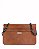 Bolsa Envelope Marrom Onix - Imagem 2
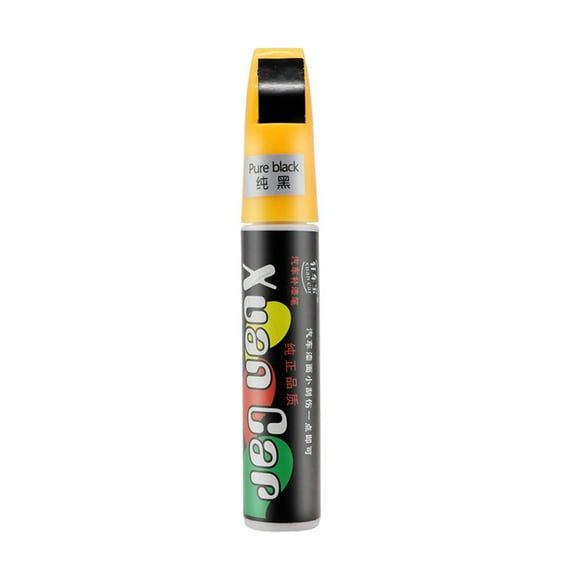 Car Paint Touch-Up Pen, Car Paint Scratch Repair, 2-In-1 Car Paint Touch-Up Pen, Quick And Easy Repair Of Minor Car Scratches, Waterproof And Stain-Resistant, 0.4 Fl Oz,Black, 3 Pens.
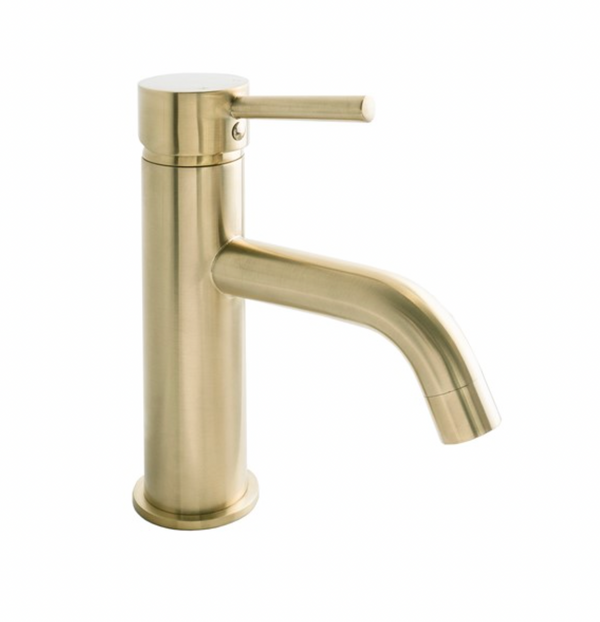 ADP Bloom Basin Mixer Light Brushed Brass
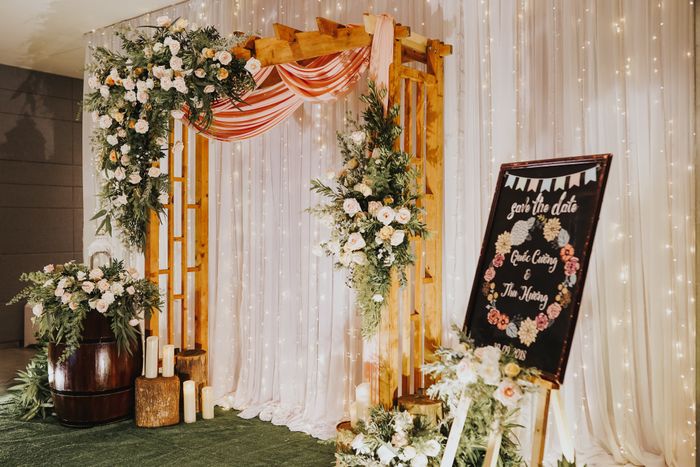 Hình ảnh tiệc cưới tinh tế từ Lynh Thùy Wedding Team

• • • •

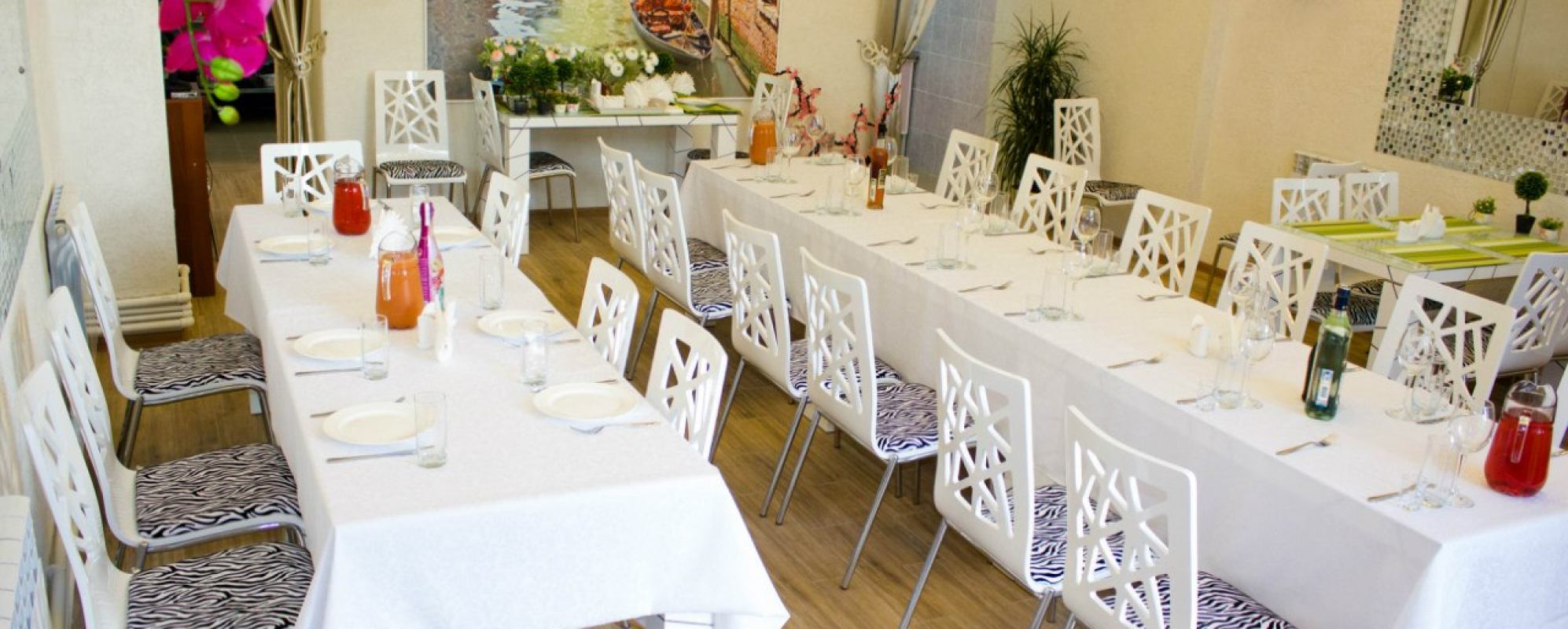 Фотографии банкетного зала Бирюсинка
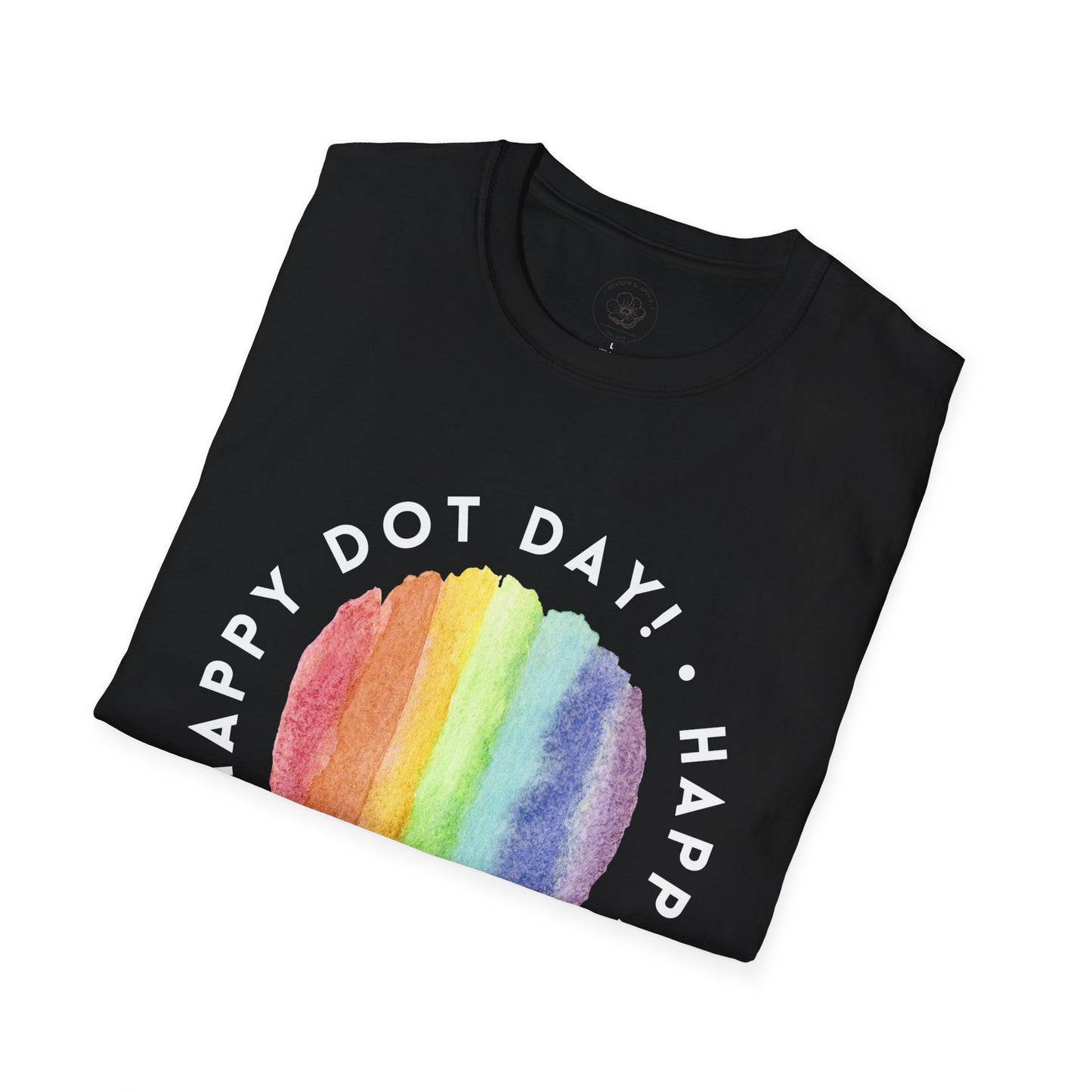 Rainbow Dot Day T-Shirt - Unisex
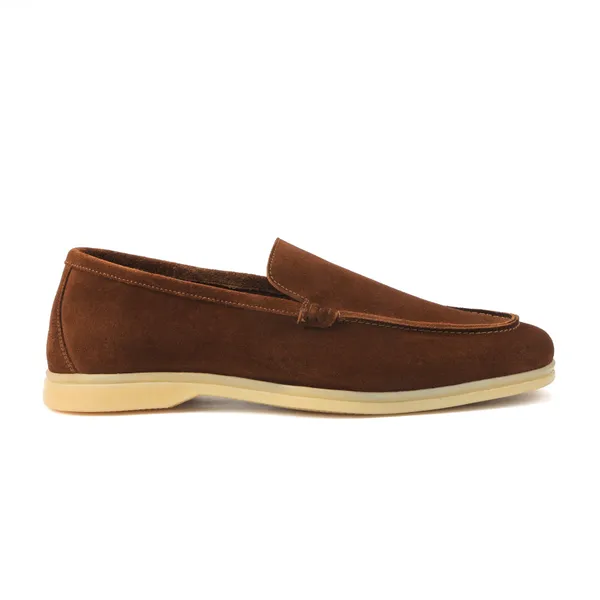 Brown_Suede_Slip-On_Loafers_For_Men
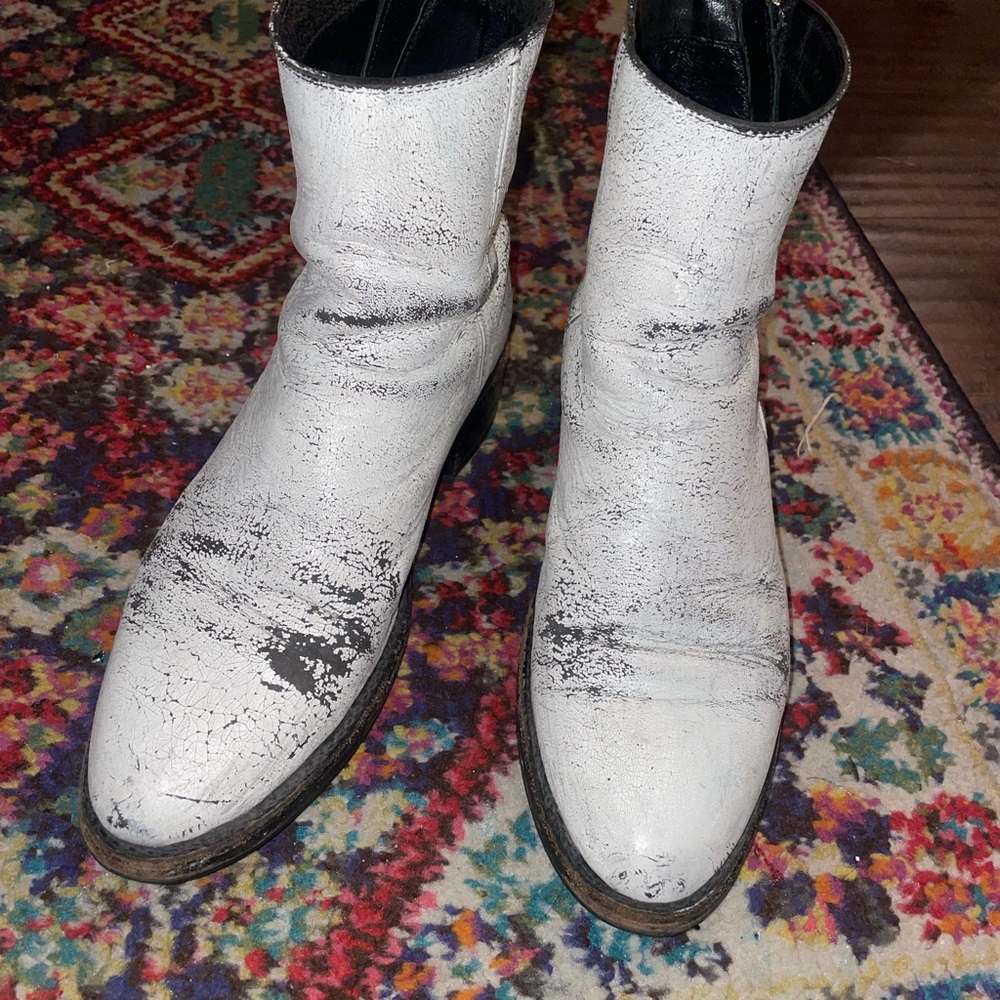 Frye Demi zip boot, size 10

• • • •

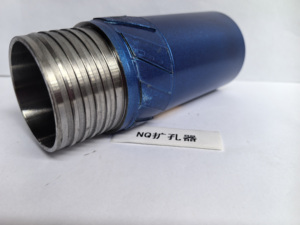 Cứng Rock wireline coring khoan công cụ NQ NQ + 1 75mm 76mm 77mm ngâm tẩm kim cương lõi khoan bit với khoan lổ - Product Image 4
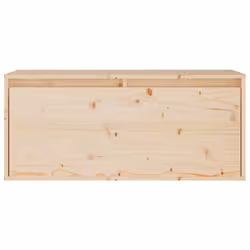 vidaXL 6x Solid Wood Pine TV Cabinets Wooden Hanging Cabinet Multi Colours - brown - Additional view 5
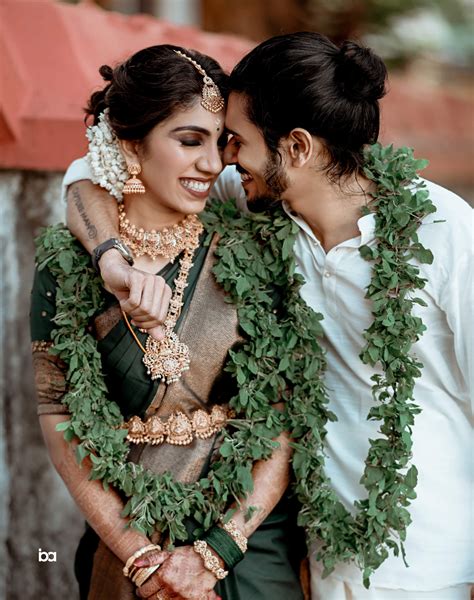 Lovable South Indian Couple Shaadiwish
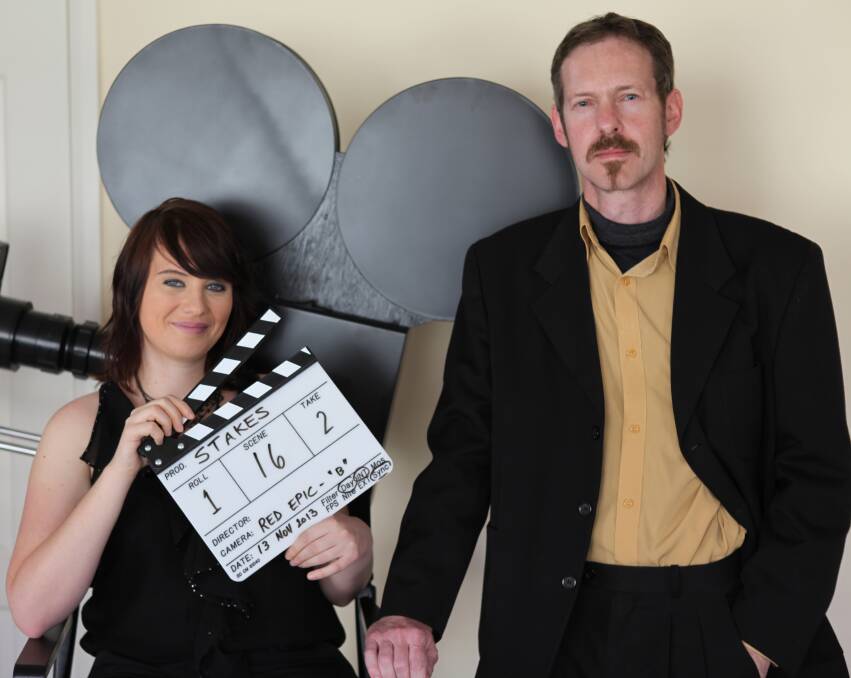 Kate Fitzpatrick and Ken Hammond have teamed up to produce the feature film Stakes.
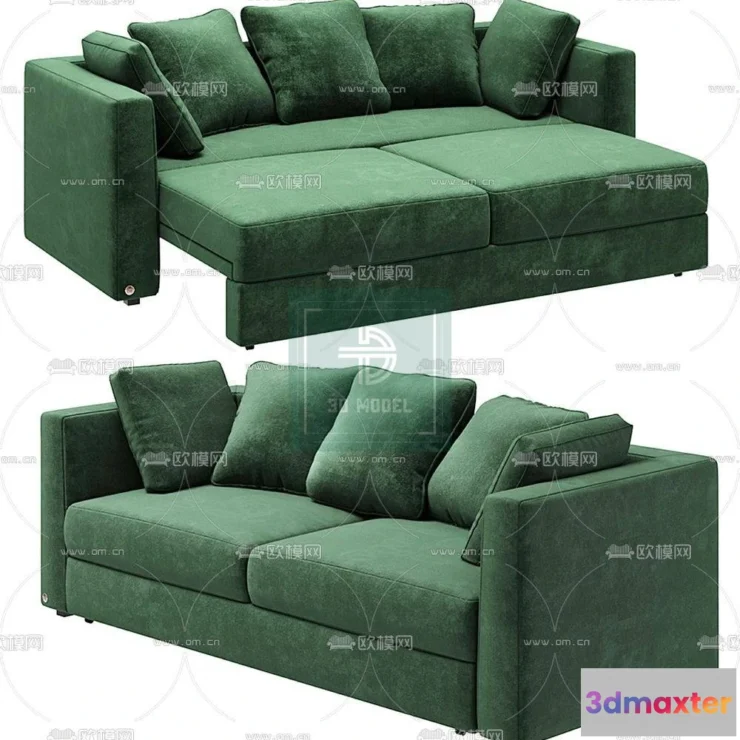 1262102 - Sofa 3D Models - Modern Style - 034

• • • •

## WHAT NEEDS TO BE DONE
With the pictures omitted, print the lines above exactly, beginning at the line with "ADP Bloom Basin Mixer Light Brushed Brass" and going on through the line with "Hình ảnh tiệc".

## FINAL ANSWER
 ADP Bloom Basin Mixer Light Brushed Brass
 Hình ảnh tiệc cưới tinh tế từ Lynh Thùy Wedding Team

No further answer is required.